*** DATASET CONTENT ***

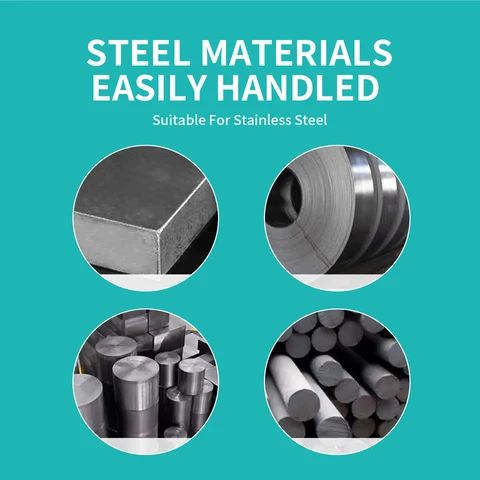 TOOLEYE 11ER 11IR A55 A60 Твердосплавные резьбовые вставки 0,5 0,75 1,0 1,25 1,5 1,75 2,0 2,5 ISO Инструменты с резьбовым лезвием из твердого сплава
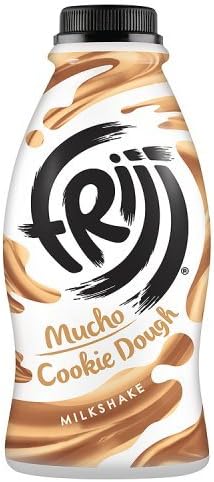 Frijj Limited Edition Cookie Dough Milkshake 471 ml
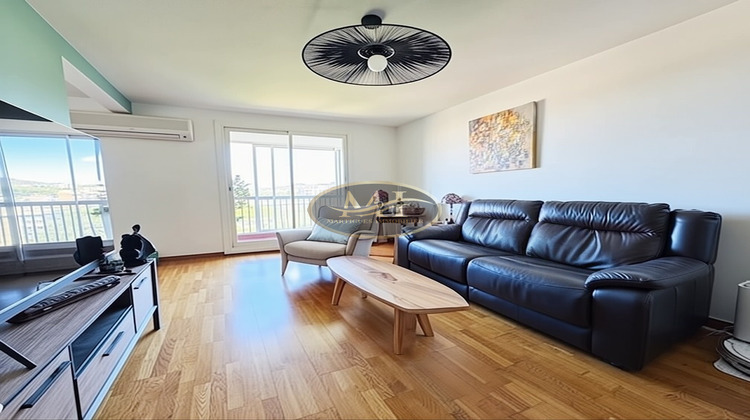 Ma-Cabane - Vente Appartement Martigues, 73 m²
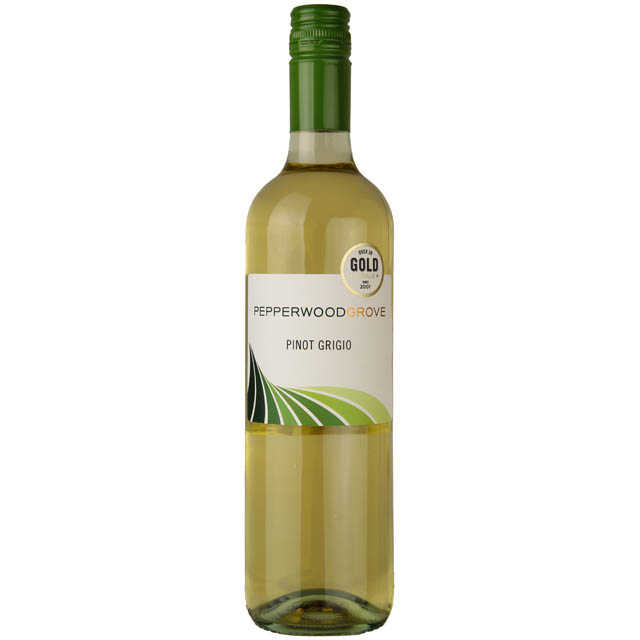 Pepperwood Grove Pinot Grigio / 750 ml - Marketview Liquor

*** End of DATASET CONTENT ***

» WORK ITEM
Each line above should be written out again unchanged; no images are to be carried over.

» TASK SOLUTION
 TOOLEYE 11ER 11IR A55 A60 Твердосплавные резьбовые вставки 0,5 0,75 1,0 1,25 1,5 1,75 2,0 2,5 ISO Инструменты с резьбовым лезвием из твердого сплава
 Frijj Limited Edition Cookie Dough Milkshake 471 ml
 Ma-Cabane - Vente Appartement Martigues, 73 m²
 Pepperwood Grove Pinot Grigio / 750 ml - Marketview Liquor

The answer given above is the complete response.